Assorted links for your consideration:

  • The MLA has a neat interactive language map and accompanying data tables, broken down by zip code and county, based on answers to the 2000 U.S. census question “Does this person speak a language other than English at home?” According to the data, Tagalog (the Philippine dialect dominant on my mother’s side of the family) ranks fifth among foreign languages, and slightly more than half of Tagalog speakers live in California. The more commonly spoken foreign languages in the U.S. are Spanish, Chinese, French, and German. (Link via The Map Room.)

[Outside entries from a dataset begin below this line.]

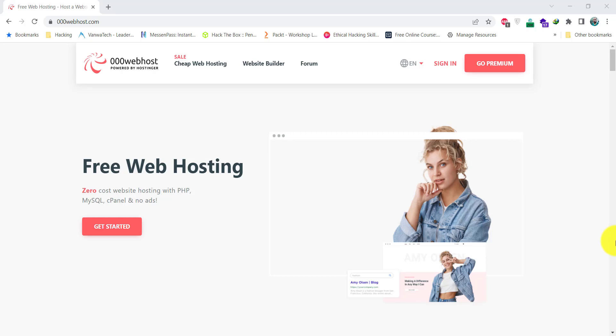Hi guys, this is Usman from MyServerMentor and in this video I'll show you how you can host your WordPress or PHP website for free on 000webhost.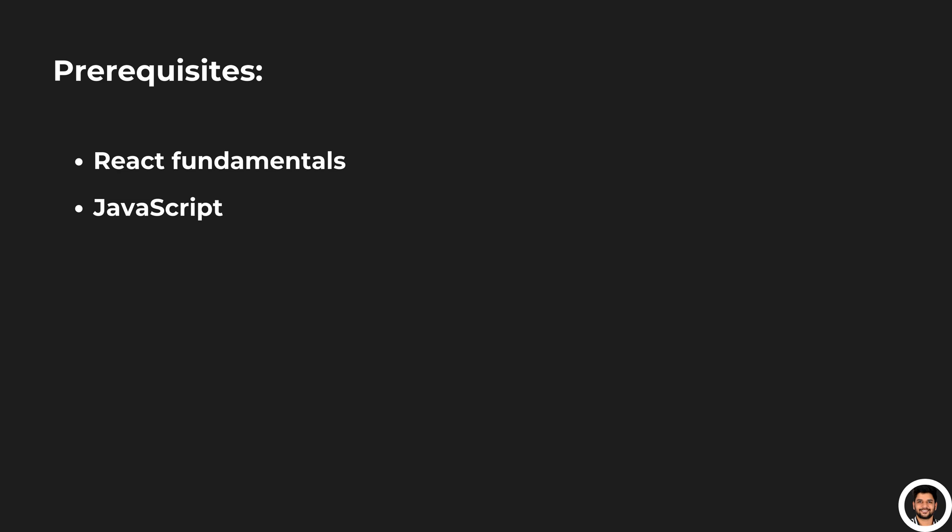To start with Expo you should know React fundamentals and JavaScript. In the next tutorial we will dive into building our first Hello World application using Expo for Android, iOS and web.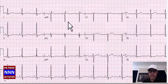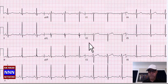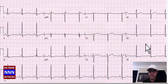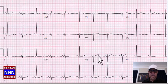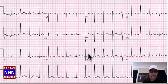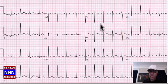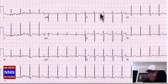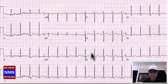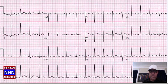Here we have a sinus rhythm — everything seems in order except for some flat T-wave changes, but nothing really strict. This is another sinus tachycardia with P-QRS combination and some non-specific T-wave changes, nothing really impressive.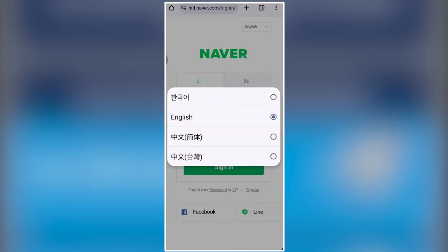From there, you can sign in with your Naver ID and password, and also select English or any other language you prefer in the top right corner.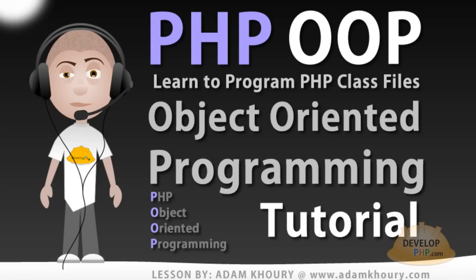In this video lesson, we will demonstrate the process of creating PHP class files. We will also show you how to connect to your class file and script to it using an object-oriented programming approach in PHP.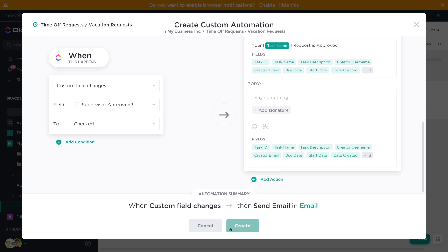It could also happen directly in task comments — up to you how you'd like to structure that. But somehow, whether it's manually or automatic, we want to tell the person that their time off has been approved. That is step three of our four-step vacation process.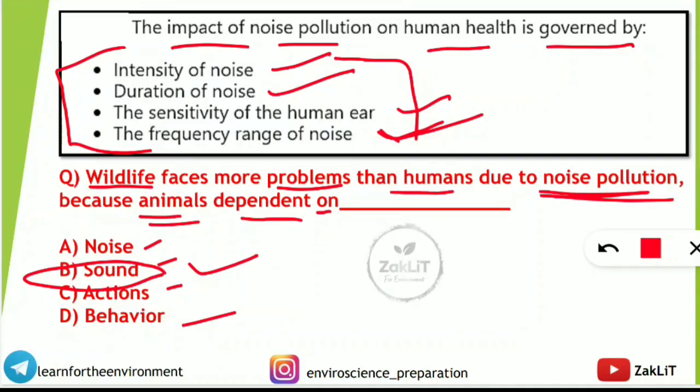These were the important concepts related to noise pollution. I hope you have noted them down. All the very best for the examination. Don't forget to subscribe to the channel for further updates. Keep smiling and believe in yourself — see you in the next video.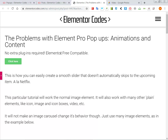Hello everyone. Here is a quick demo and instructions about the Elementor pop-ups and the problem they can have with the animations and the content.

  • Briticisms (or is that “Britishisms”?) are creeping into American English. I guess this has been pretty obvious, but an article in the Chronicle of Higher Education points out the more stealthy ones, as used in the press, most of which I take for granted, not striking me as having a British provenance, like “to go missing,” “sell-by date” (in a metaphorical sense, referring to something past its prime), and “run-up” or “lead-up” (to an election, say) (“American Idioms Have Gone Missing,” 18 June).
  • Couture goes from runway to fairway? “[G]olf has become more athletic, and the players’ clothes are beginning to reflect the new, cooler muscularity that is being flexed on the PGA Tour. The young cubs chasing Tiger–Charles Howell III, Justin Rose, Hank Kuehne, Luke Donald, Aaron Baddeley, and Adam Scott–are known as much for their attention-grabbing threads as for their new-generation swings” (“Dressing to the 9-Irons” in the Times, 13 June). Cute.
  • In Mongolia family names were taken away in the 1920s by Communists, and Mongolians are just now, within the last decade, bringing back old names and finding new ones (Globe and Mail, 12 June).